Altri tempi, lontani anni luce dallo squallore e dalla sterilità etica che caratterizzano la politica di questi ultimi anni, allontanandola dalla gente. La levatura morale ed etica di uomini come Gaetano Arfé dava, allora, proprio alla politica, una dignità alta ed un rispetto che oggi sembrano sepolti per sempre. Ho voluto affiancare ai tanti riconoscimenti sullo studioso, sullo storico e sull’europeista, questo modesto ricordo personale su un uomo sensibile, colto, curioso del mondo, ma attento alle piccole testimonianze di un’Italia minima che, come lui stesso affermava, costituiscono i pilastri portanti della storia.
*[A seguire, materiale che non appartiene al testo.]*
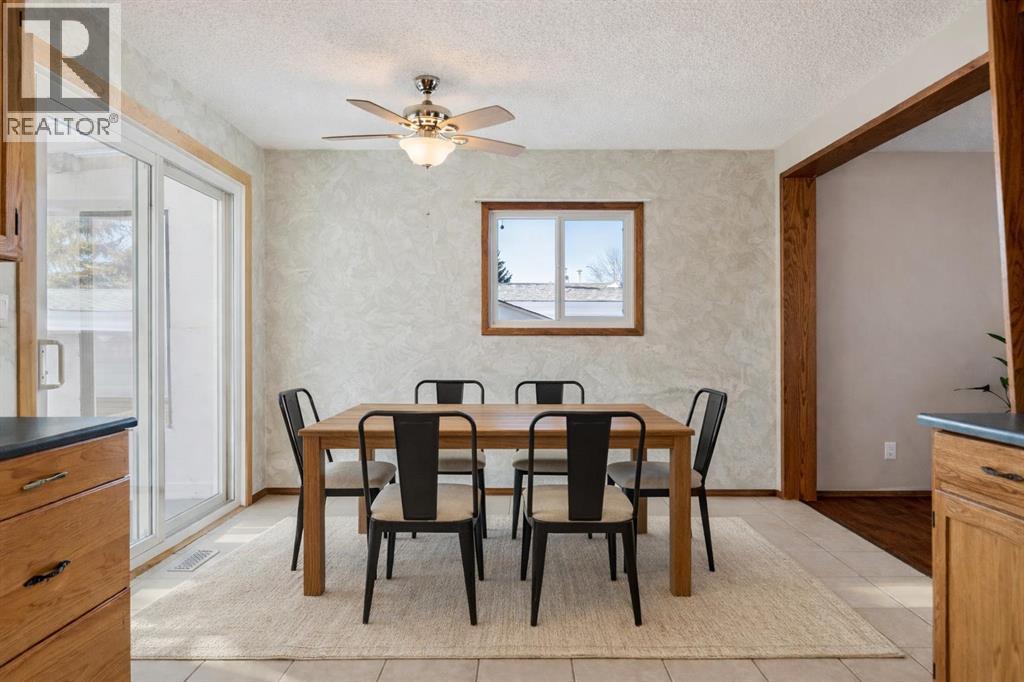 125 Big Springs Drive Se, Airdrie, Alberta  T4A 1K3 - Photo 4 - A2288324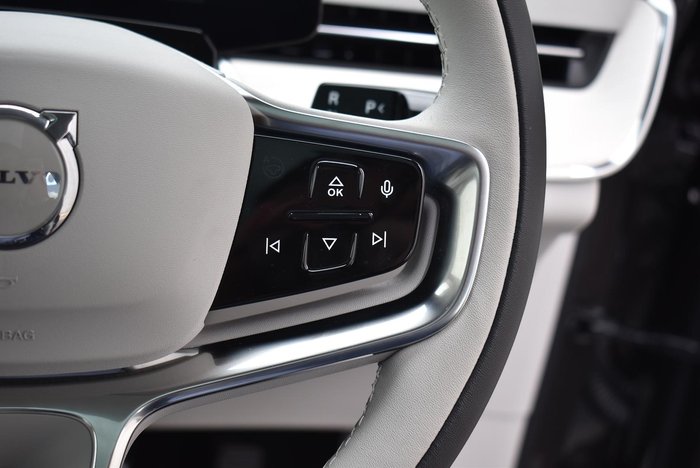 2025 Volvo EX90 Plus Twin Motor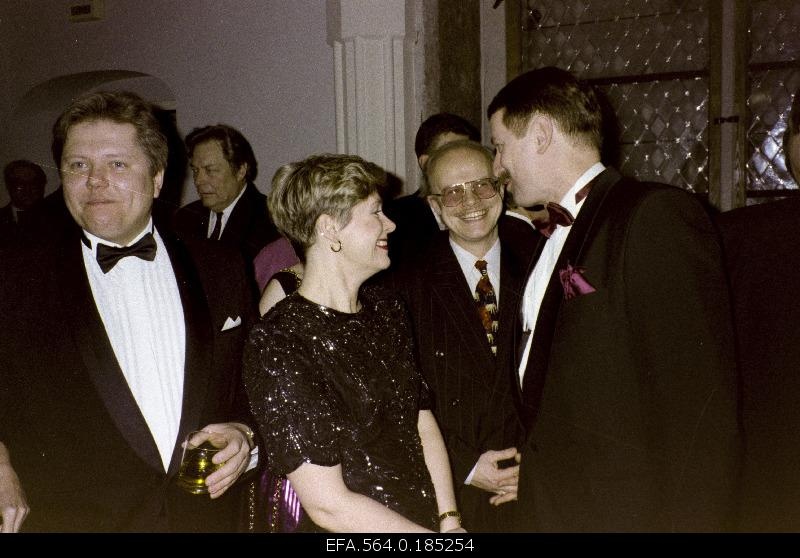 The Mustpeade House Ball of the Journalists' Union. Politician Siim Kallas (from left 1) Conversation with journalist Felix Undusk (2. ), 3. Kristi Kallas, 4th media businessman Rein Lang from the left.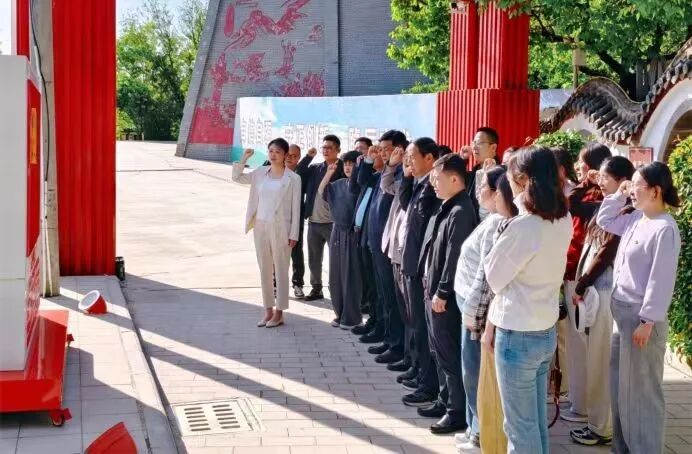 庆阳市审计局赴灵台县审计组临时党支部与灵台县审计局党支部联合开展主题党日活动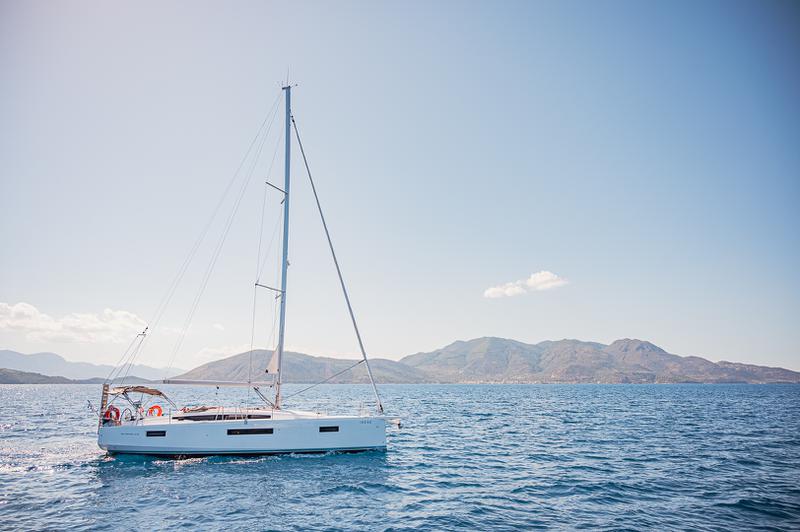 Book yachts online - sailboat - Sun Odyssey 410 - Irene - rent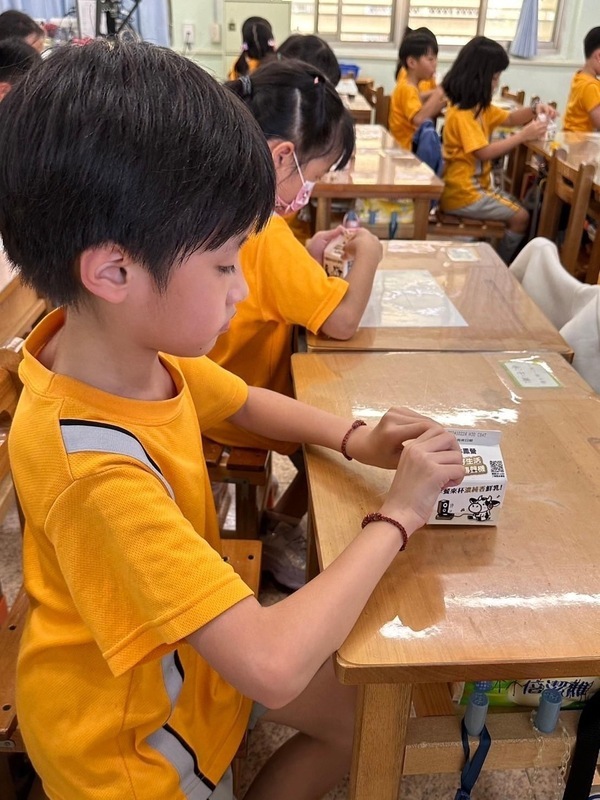 Plusieurs organisations plaident pour la poursuite de la distribution de lait scolaire
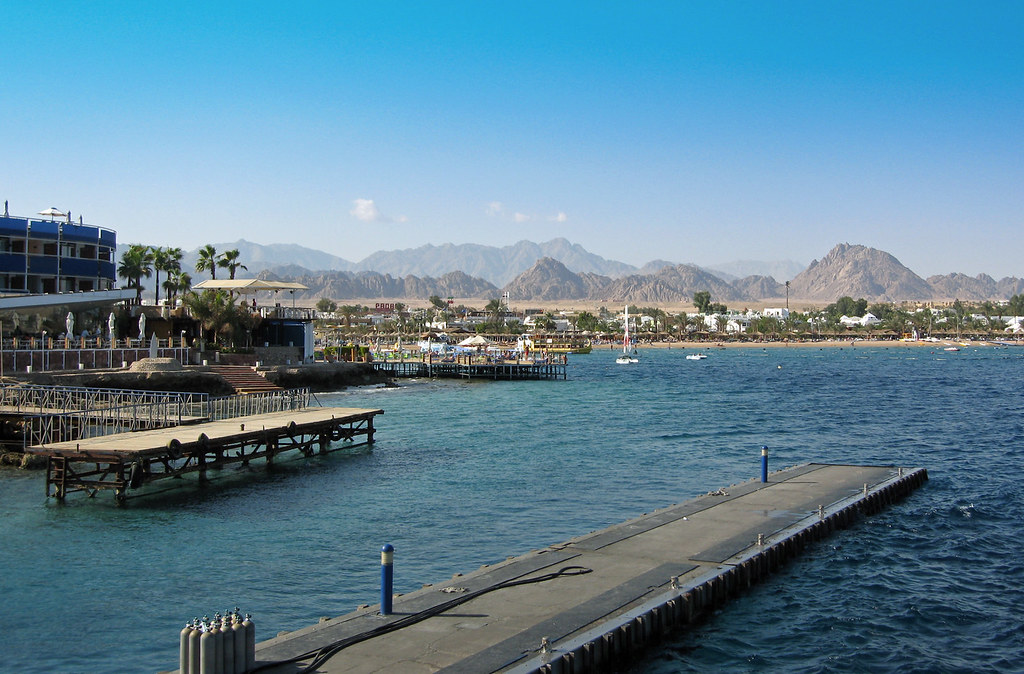 Na'ama Bay Dive Boat Jetty | Sharm el-Sheikh, Na'ama Bay | Flickr
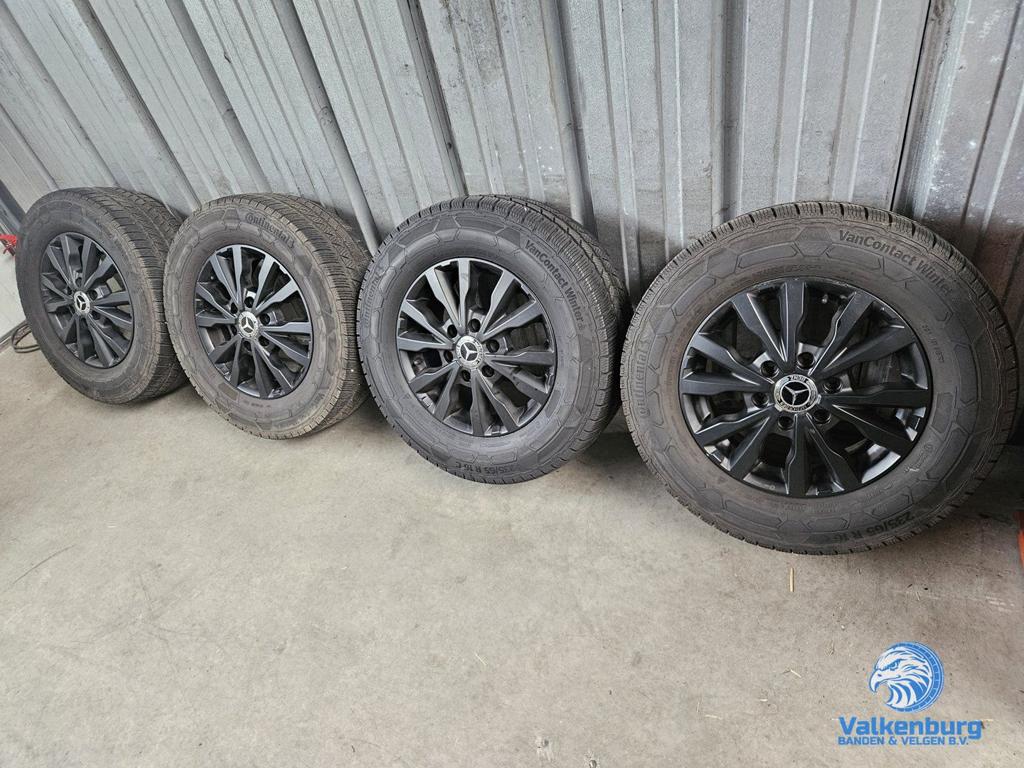 7mm! Mercedes Sprinter B907 B910 B906 16 inch zwarte velgen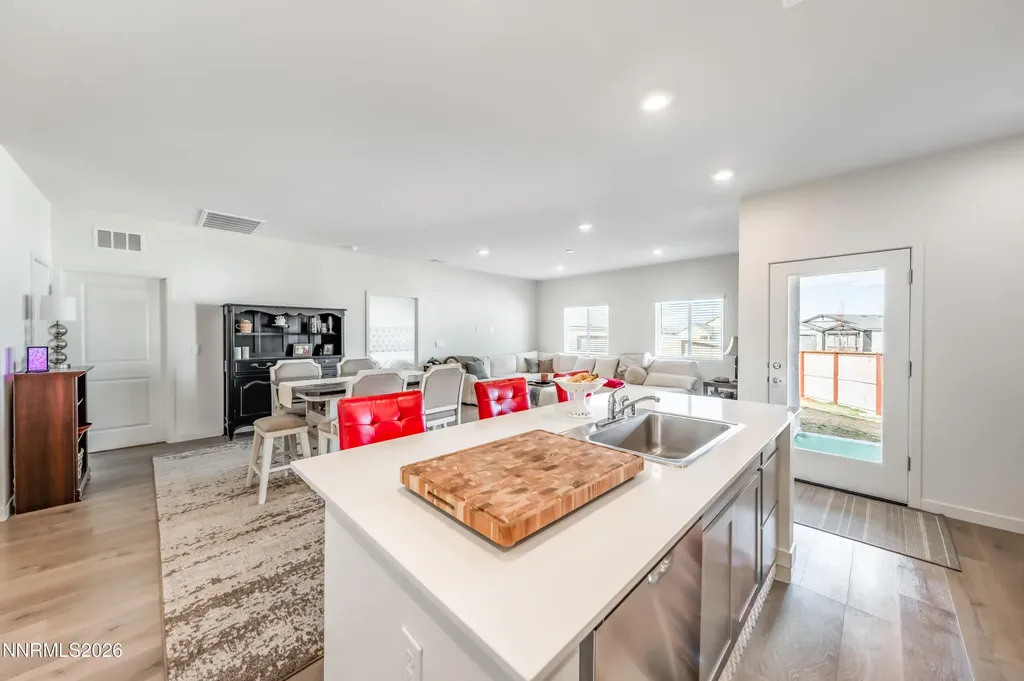 7405 Mystic Valley Reno NV 89506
In queste ore è stato ricordato il desiderio di Gaetano Arfé di donare parte della sua biblioteca ai giovani napoletani: la Fondazione Mediterraneo potrebbe immediatamente ospitare questi libri dedicando ad Arfé un’apposita sezione della Biblioteca del Mediterraneo.
Oltre al riconoscimento, sarebbe questo un contributo concreto per ricordare la sua figura.